━━━ Data supplied

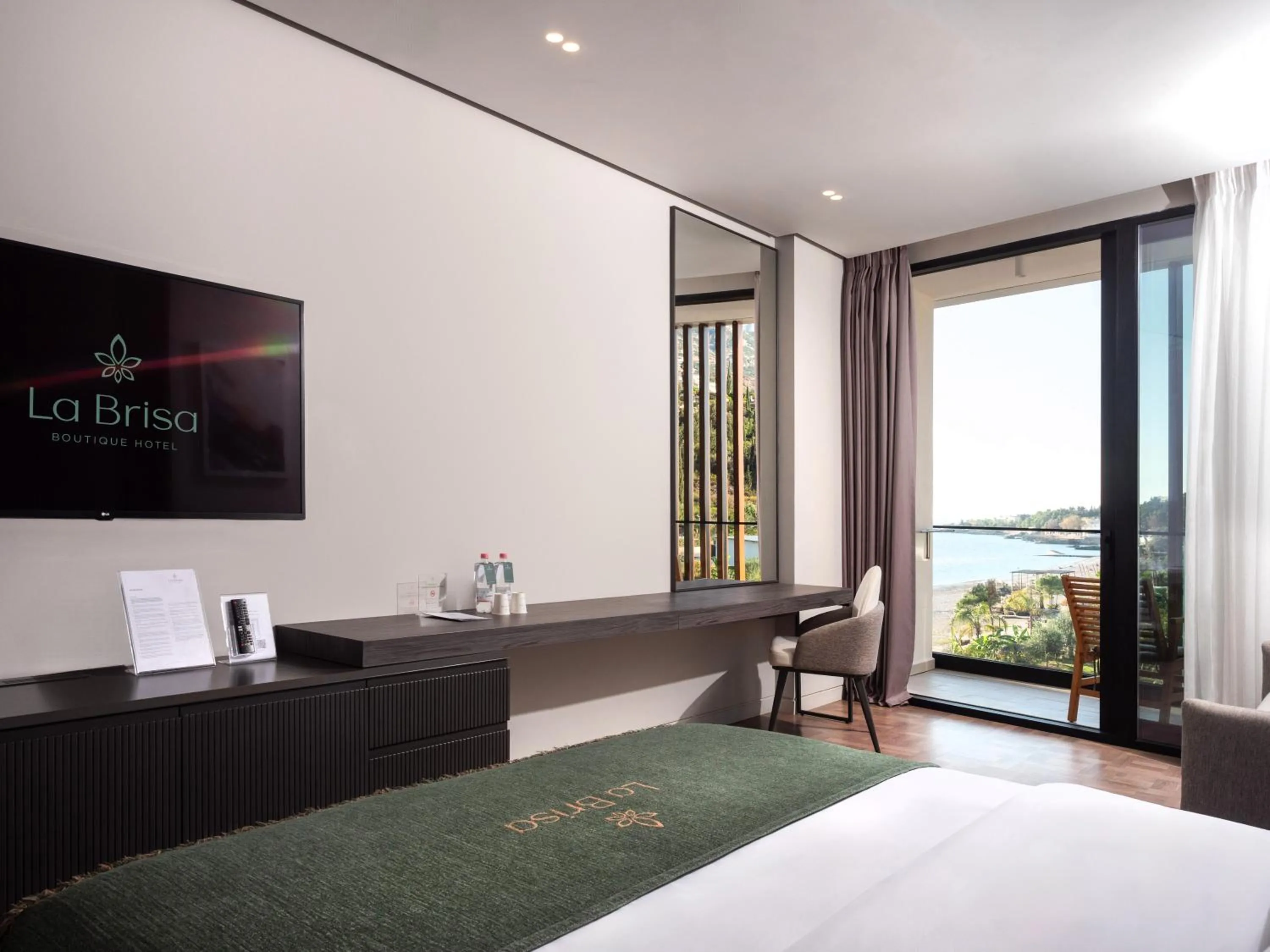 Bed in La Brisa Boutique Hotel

━━━━━━
━━━ Data supplied

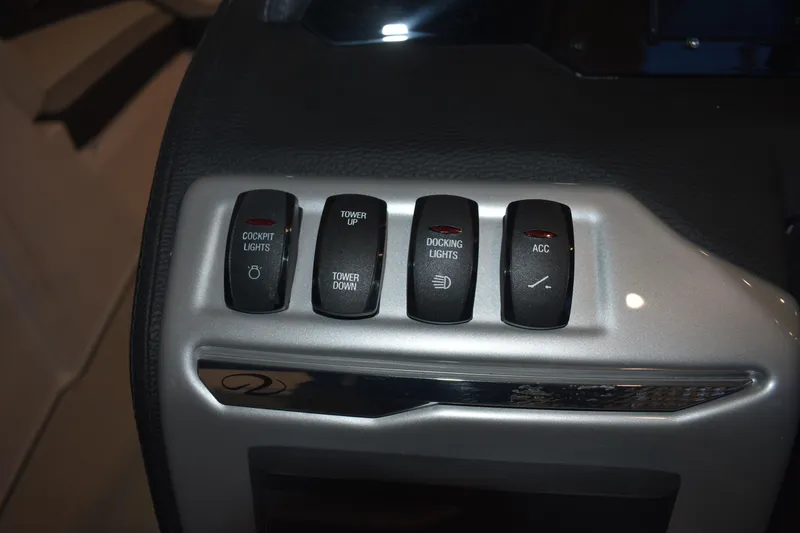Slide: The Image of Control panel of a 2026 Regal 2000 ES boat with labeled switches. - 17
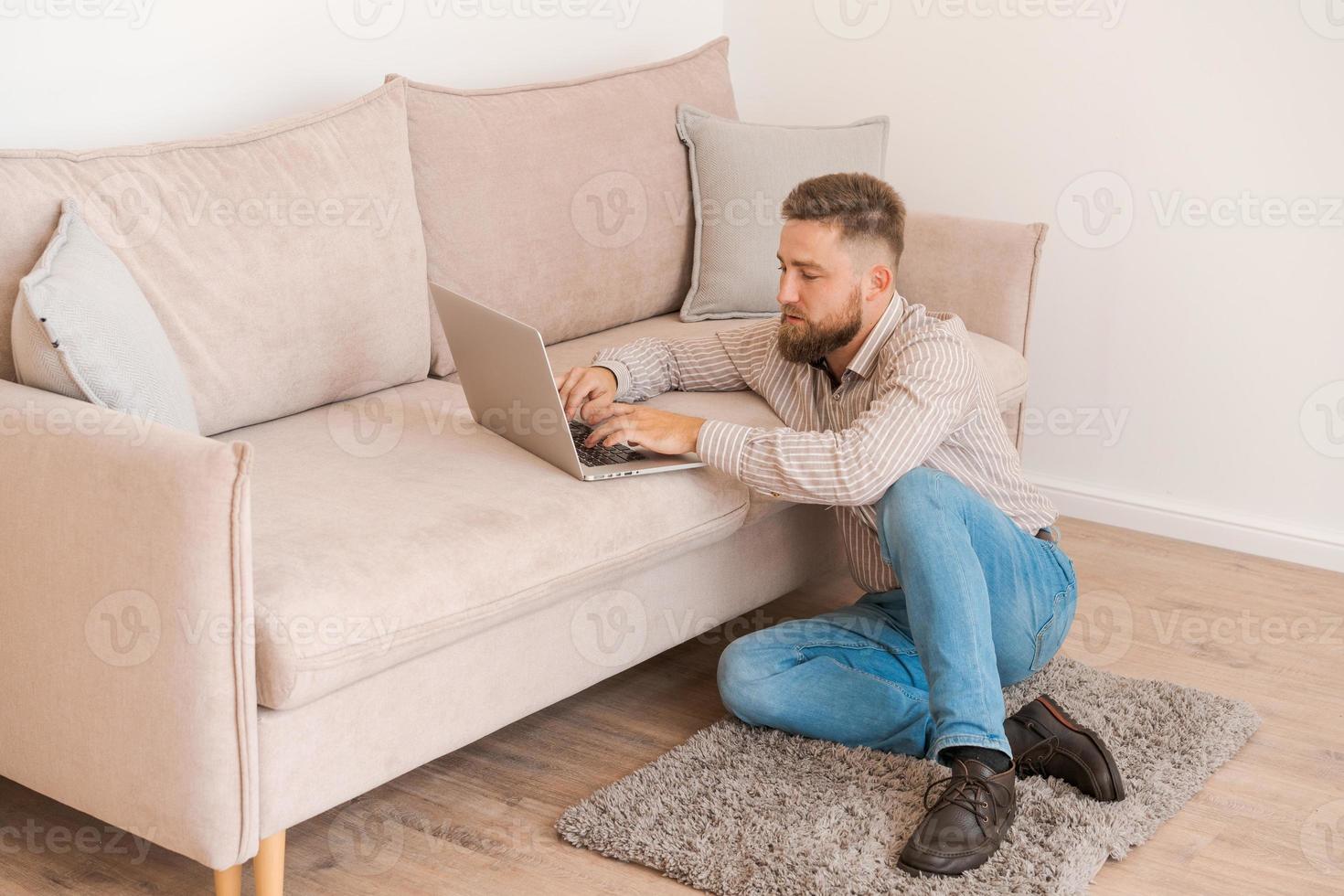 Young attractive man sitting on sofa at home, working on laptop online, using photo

━━━━━━

Within the data above, repeat exactly the lines from the one bearing "Slide: The Image" through the one bearing "Young attractive man". Include no pictures and nothing else.

Answer below:
Slide: The Image of Control panel of a 2026 Regal 2000 ES boat with labeled switches. - 17
 Young attractive man sitting on sofa at home, working on laptop online, using photo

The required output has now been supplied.